*WORK INSTRUCTION*
Of the lines in the material below, print only those from the one containing "by Puig Photography" to the one containing "八千代市八千代台南１丁目", ends included, exactly as written and without pictures.

*DATASET ENTRIES*
*** Block opens ***

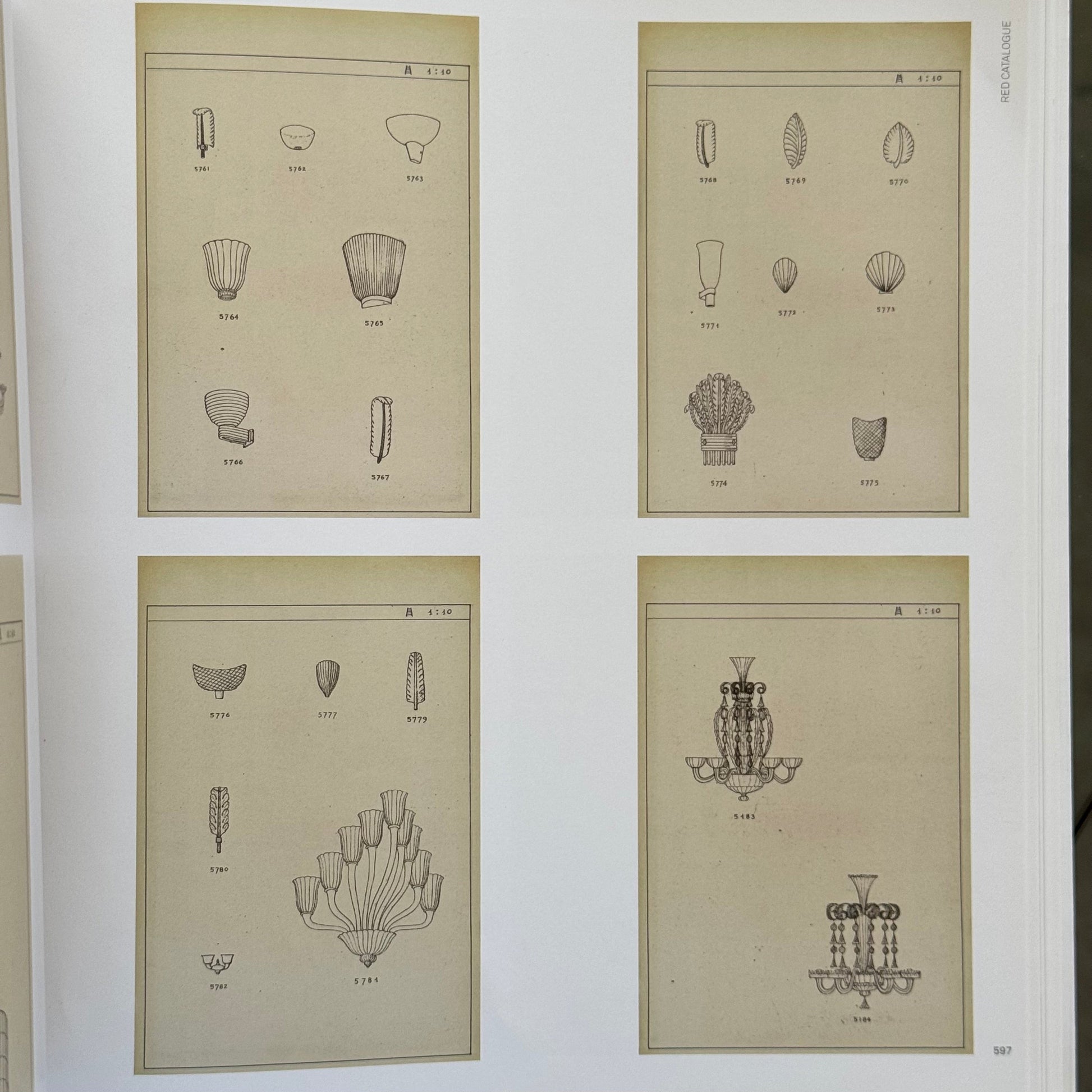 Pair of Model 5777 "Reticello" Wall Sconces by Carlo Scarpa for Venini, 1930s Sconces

*** Block closes ***
*** Block opens ***

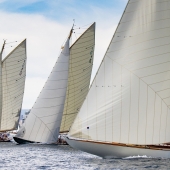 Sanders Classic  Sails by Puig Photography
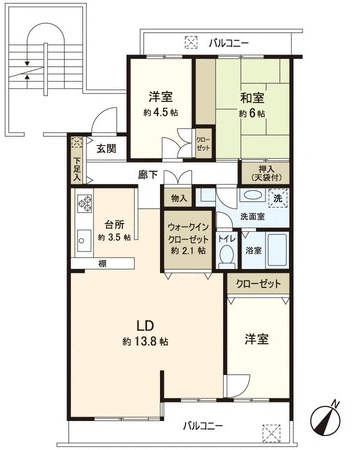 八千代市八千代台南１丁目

*** Block closes ***

*PROBLEM SOLUTION*
 Sanders Classic  Sails by Puig Photography
 八千代市八千代台南１丁目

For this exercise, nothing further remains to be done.